### Directions for this task:
Repeat the records below exactly from the line containing "TEKTON 1/2 Inch" to the line containing "The Goonies - Bild 1 von 11", taking in both of those lines. Drop the pictures.

### Exercise material:
◇ ◇ ◇
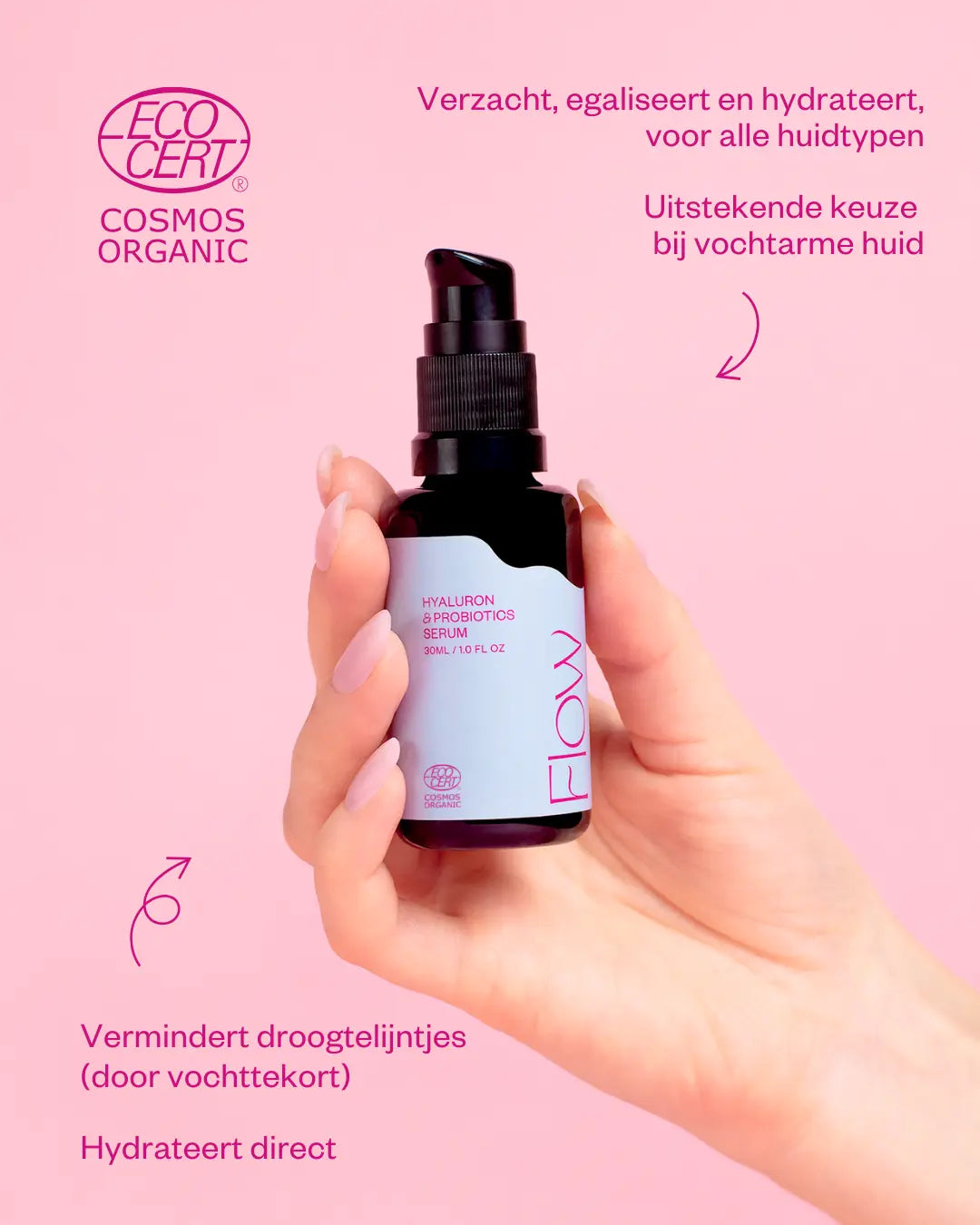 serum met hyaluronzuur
◇ ◇ ◇
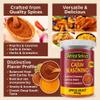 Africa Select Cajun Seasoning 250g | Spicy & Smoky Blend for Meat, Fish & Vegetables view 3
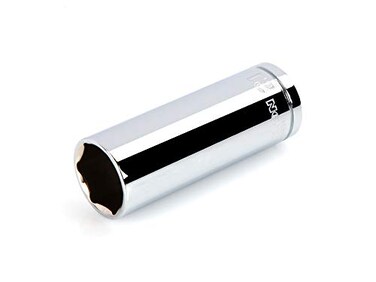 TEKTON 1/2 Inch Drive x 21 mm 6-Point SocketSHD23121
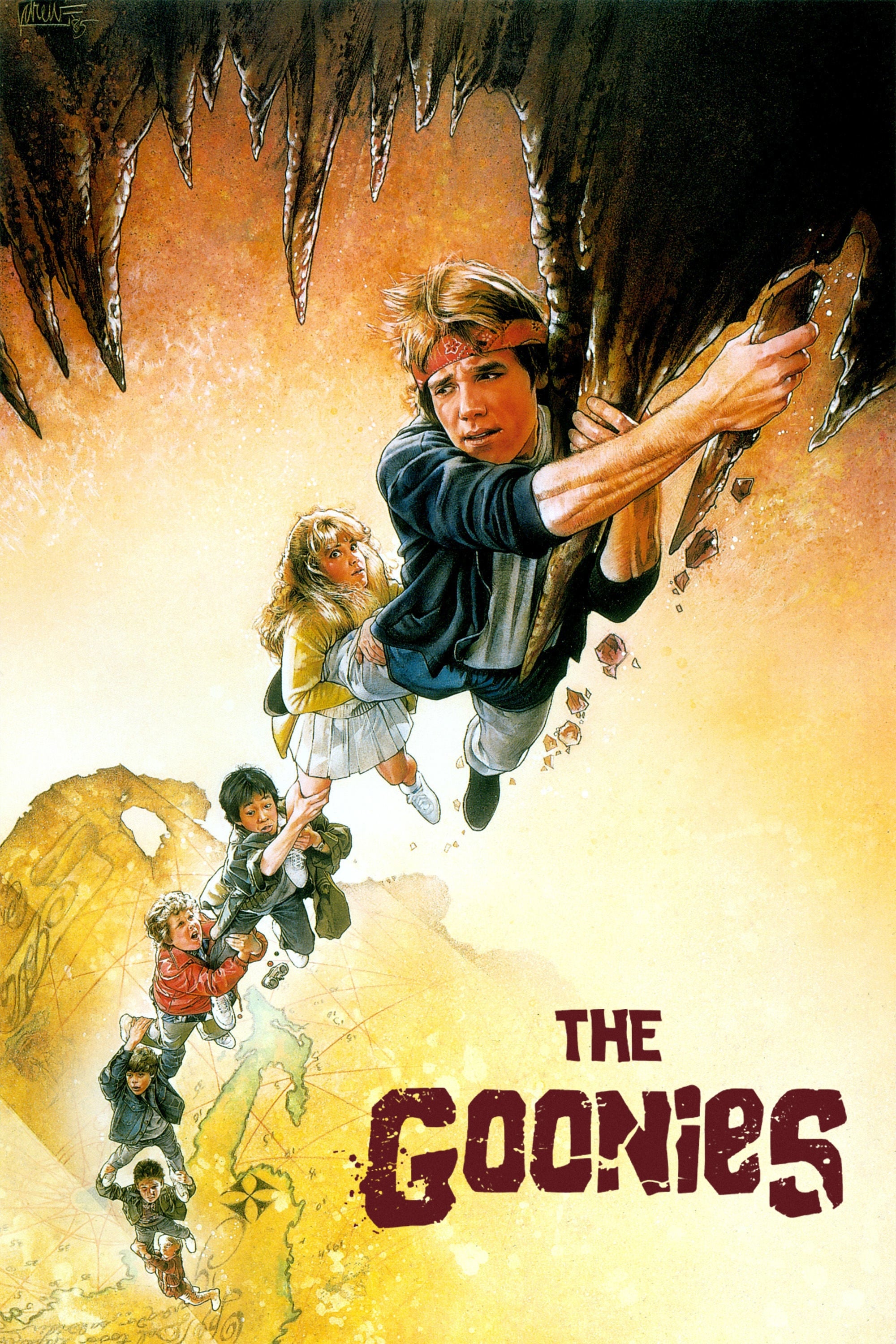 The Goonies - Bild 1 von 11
◇ ◇ ◇
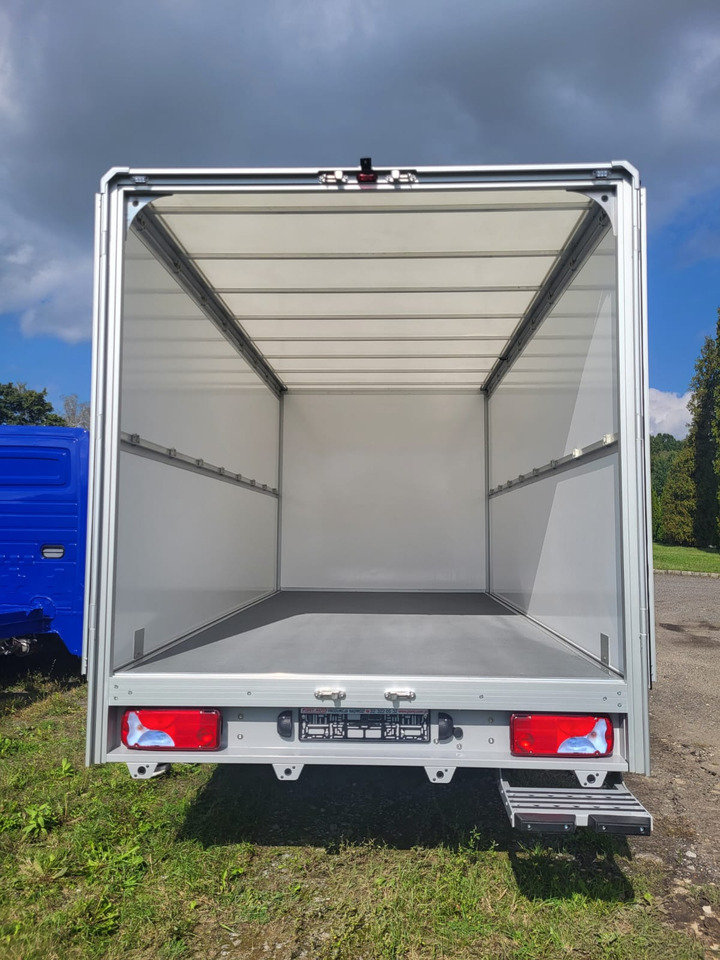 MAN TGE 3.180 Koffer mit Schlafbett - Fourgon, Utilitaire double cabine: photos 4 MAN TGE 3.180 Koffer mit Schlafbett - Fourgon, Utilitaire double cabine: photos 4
◇ ◇ ◇
### Answer box:
 TEKTON 1/2 Inch Drive x 21 mm 6-Point SocketSHD23121
 The Goonies - Bild 1 von 11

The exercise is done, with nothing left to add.